> WHAT TO WORK ON:
Retype the data exactly, from its first line to the line containing "Why does a DNA", including both, and skip any picture.

> DATASET CONTENT:
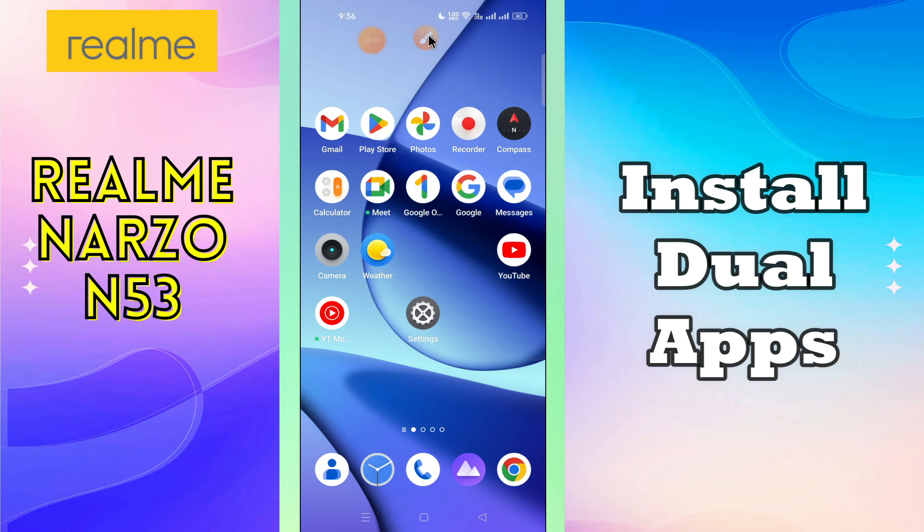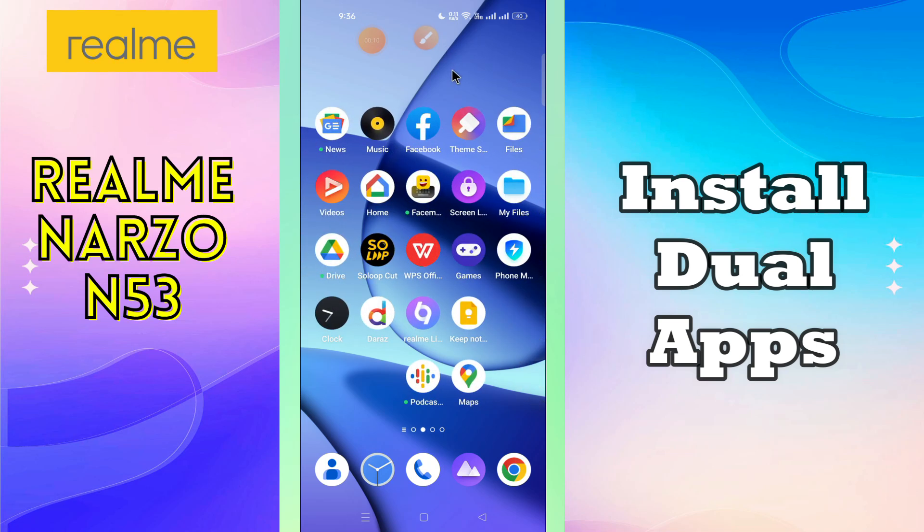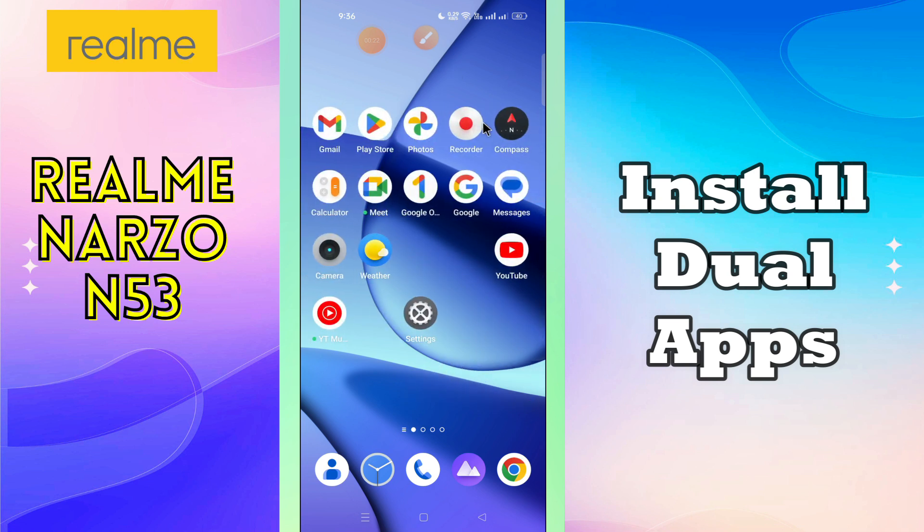What's up guys, welcome to my YouTube channel. In my today's video, I'll be telling you how to install dual apps like dual Facebook Messenger in your device Realme Narzo N53. But before we talk about that, if you are new to my channel, don't forget to hit the red subscribe button and the bell icon to stay updated. Now watch this video.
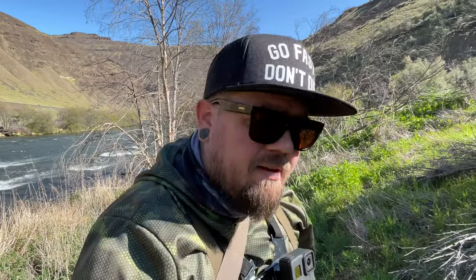Like always, I'm going to give you three reasons why I like this fly so much. Reason number one is that it's a quick tie — it's only four materials: a wing material, a thorax, dubbing, a thread body, and a tail. You can tie it in a bunch of different colors with those same four materials, fill your box real quick, and the fish like to eat it.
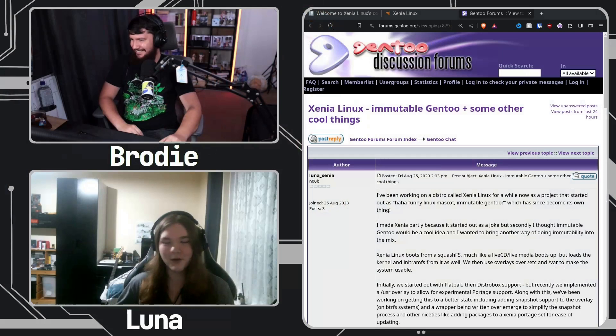Speaking of stupid ideas, Xenia Linux started as a joke. It was a joke between me and my friend Jack. He was like, wouldn't it be cool if we make a Linux distro? And I was like, not really. It's kind of stupid if you don't have an actual thing to set you apart. And then he just said, you know this mascot Xenia? And I was like, yeah. And then he was like, do the math. I was like, yeah, let's do this.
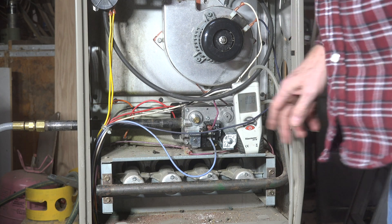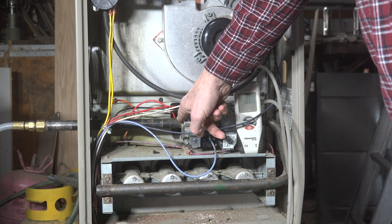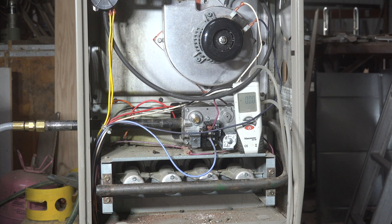Okay, the valve is in backwards. The flat side here is this way and the square side is behind the manometer. So let's fire this thing up.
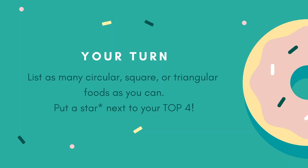Now it's your turn! Make a list of as many circular, square, or triangular foods as you can. Star your top four in preparation for the next step — Thumbnailing!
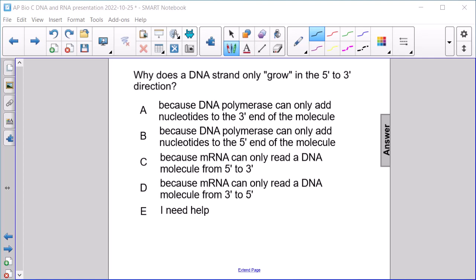Why does a DNA strand only grow in the 5' to 3' direction? A, because DNA polymerase can only add nucleotides to the 3' end of the molecule. B, because DNA polymerase can only add nucleotides to the 5' end of the molecule.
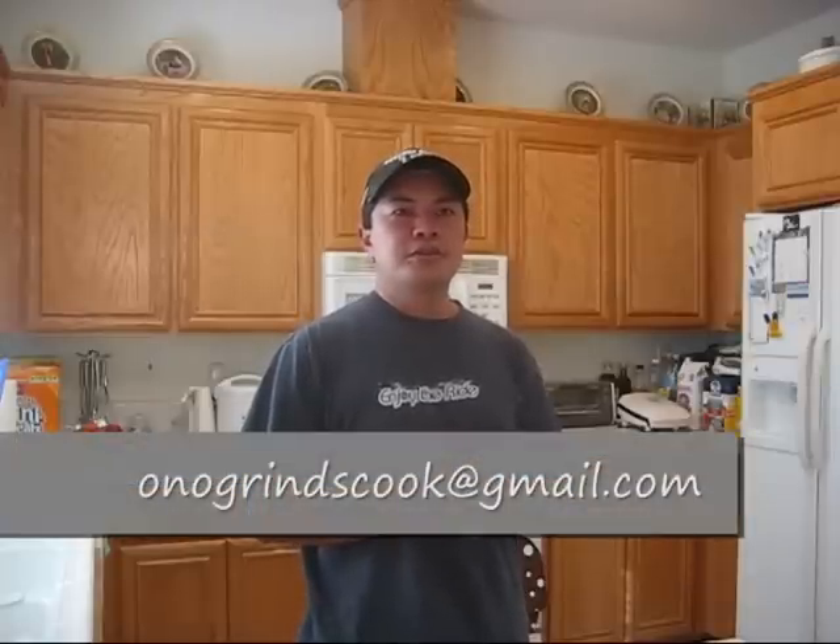Well, my friends, that brings us to the conclusion of another segment of Ono Bryan's Cooking. Mahalo and thank you for joining us today. Hopefully we made everything easy enough for you to follow along. If you have any questions, please feel free to email us at onobryanscook@gmail.com. Or if you happen to have a Facebook account, check out the Ono Bryans Cooking Fan Club and go ahead and post your suggestions on there.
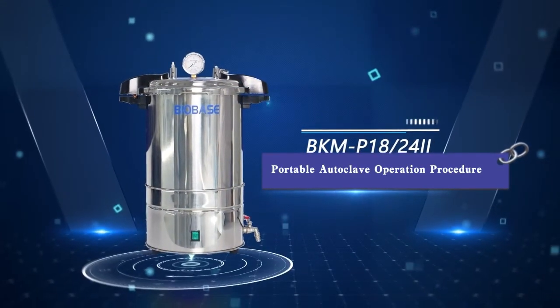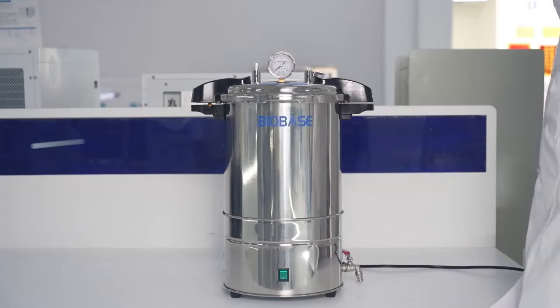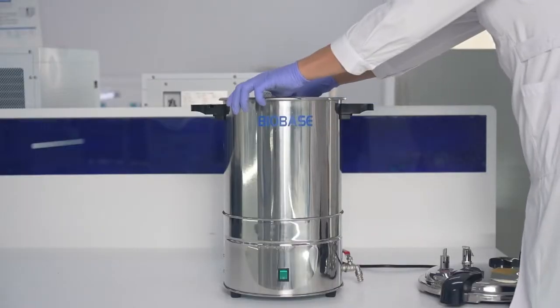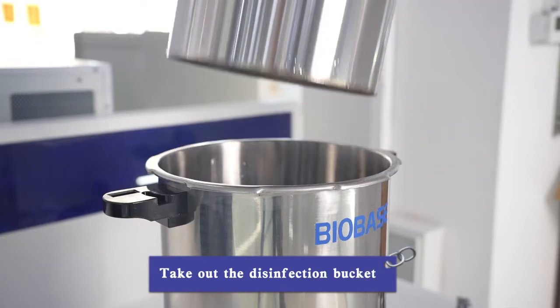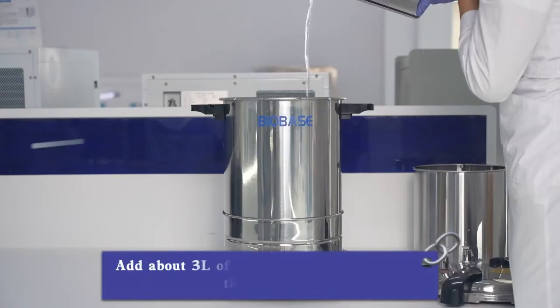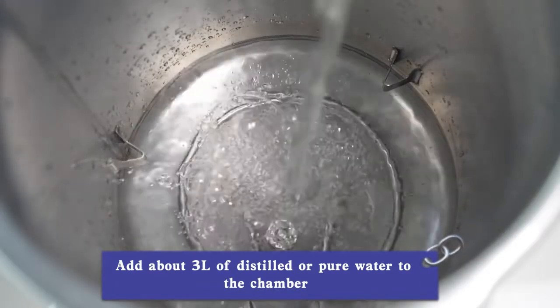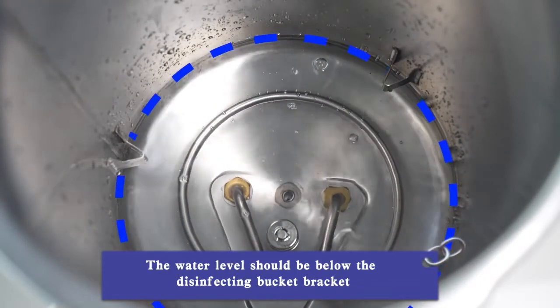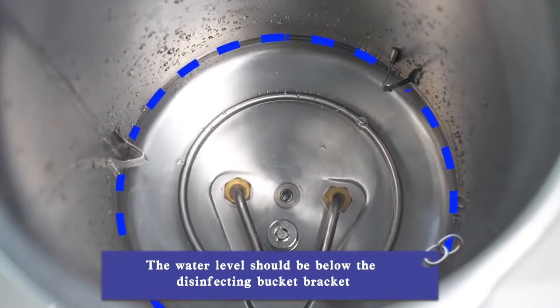Portable autoclave operation procedure. Open the seal cover and take out the disinfection bucket. Add about 3 liters of distilled or pure water to the chamber. The water level should be below the disinfecting bucket bracket.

> EXERCISE RESPONSE:
What's up guys, welcome to my YouTube channel. In my today's video, I'll be telling you how to install dual apps like dual Facebook Messenger in your device Realme Narzo N53. But before we talk about that, if you are new to my channel, don't forget to hit the red subscribe button and the bell icon to stay updated. Now watch this video.
Like always, I'm going to give you three reasons why I like this fly so much. Reason number one is that it's a quick tie — it's only four materials: a wing material, a thorax, dubbing, a thread body, and a tail. You can tie it in a bunch of different colors with those same four materials, fill your box real quick, and the fish like to eat it.
Speaking of stupid ideas, Xenia Linux started as a joke. It was a joke between me and my friend Jack. He was like, wouldn't it be cool if we make a Linux distro? And I was like, not really. It's kind of stupid if you don't have an actual thing to set you apart. And then he just said, you know this mascot Xenia? And I was like, yeah. And then he was like, do the math. I was like, yeah, let's do this.
Okay, the valve is in backwards. The flat side here is this way and the square side is behind the manometer. So let's fire this thing up.
Now it's your turn! Make a list of as many circular, square, or triangular foods as you can. Star your top four in preparation for the next step — Thumbnailing!
Why does a DNA strand only grow in the 5' to 3' direction? A, because DNA polymerase can only add nucleotides to the 3' end of the molecule. B, because DNA polymerase can only add nucleotides to the 5' end of the molecule.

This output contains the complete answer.